I might not be able to make this event, either. My company is needing me to travel for about 1.5 weeks right around then. And it's one of those situations where others will be counting on me to be there so I can't get out of it.


----------



## BigAl205 (May 20, 2009)




----------



## Psyko07 (Apr 12, 2015)




----------



## BigAl205 (May 20, 2009)

3 more weeks


----------



## car_audio_fanatic (Nov 22, 2013)

the count down continues


----------



## BigAl205 (May 20, 2009)

LOL, yup. Just 2 more weeks


----------



## car_audio_fanatic (Nov 22, 2013)

I might actually have to show up for this


----------



## BigAl205 (May 20, 2009)

Doo eeet!

The more, the merrier.


----------



## BigAl205 (May 20, 2009)

So, quick question...would you prefer that we grill burgers and dogs, or get some really good barbecue from Dreamland?


----------



## schmiddr2 (Aug 10, 2009)

I have thought about how to make this several times but I just have too much going on with work and home remodel. Maybe next time.

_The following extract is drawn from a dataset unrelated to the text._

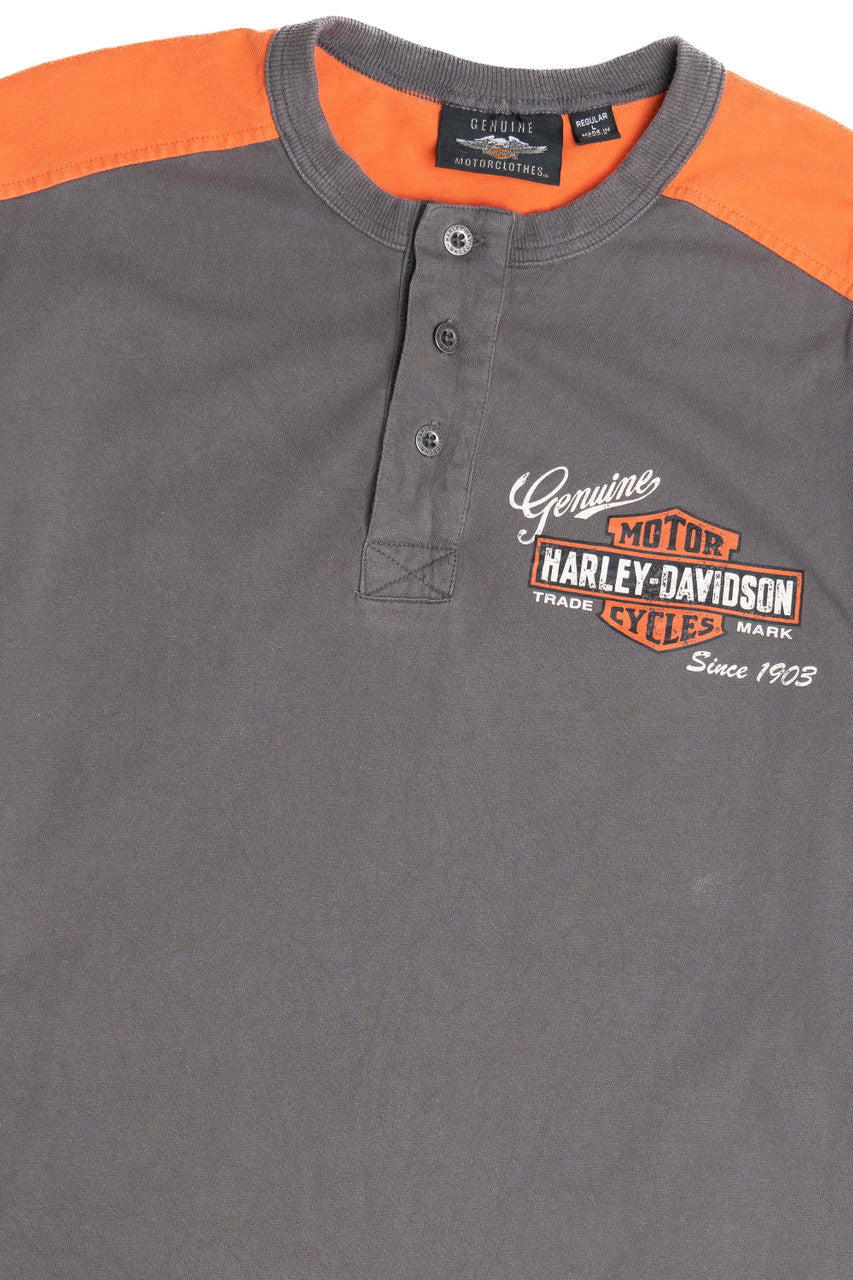 Harley Davidson Long Sleeve Henley T-Shirt 974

If I were going I'd say BBQ.


----------



## Babs (Jul 6, 2007)

From the looks of the work schedule I can't make this one dang it. My January as I feared is going to be silly. 


Sent from iPhone using Tapatalk


----------



## BigAl205 (May 20, 2009)

I hate that you guys can't come. Here's the updated list

1) Alan (BigAl205)- 2015 Ford Explorer
2) Jon (dejo) Tahoe?
3) car_audio_fanatic
4) Mark (Psyko) '07 Ford Mustang 
5) Glenn (Glenn ) Dodge Ram Quad-cab
6) James (SublimeZ) 12 GMC Sierra ext cab
7) Jeremy (Sq_tsx) Acura TSX...tentative
8) Tim (Tsmith) Toyota Landcruiser
9) Kelly (bigbubba) 2004 Monte Carlo 
10) (bmxscion) 2005 Scion xB


----------



## BigAl205 (May 20, 2009)

I sent directions to everybody on the list. If anybody else wants to attend, please let me know.


----------



## KP (Nov 13, 2005)

I might stretch the TL's legs if the weather isn't too bad.


----------



## BigAl205 (May 20, 2009)

KP said:


> I might stretch the TL's legs if the weather isn't too bad.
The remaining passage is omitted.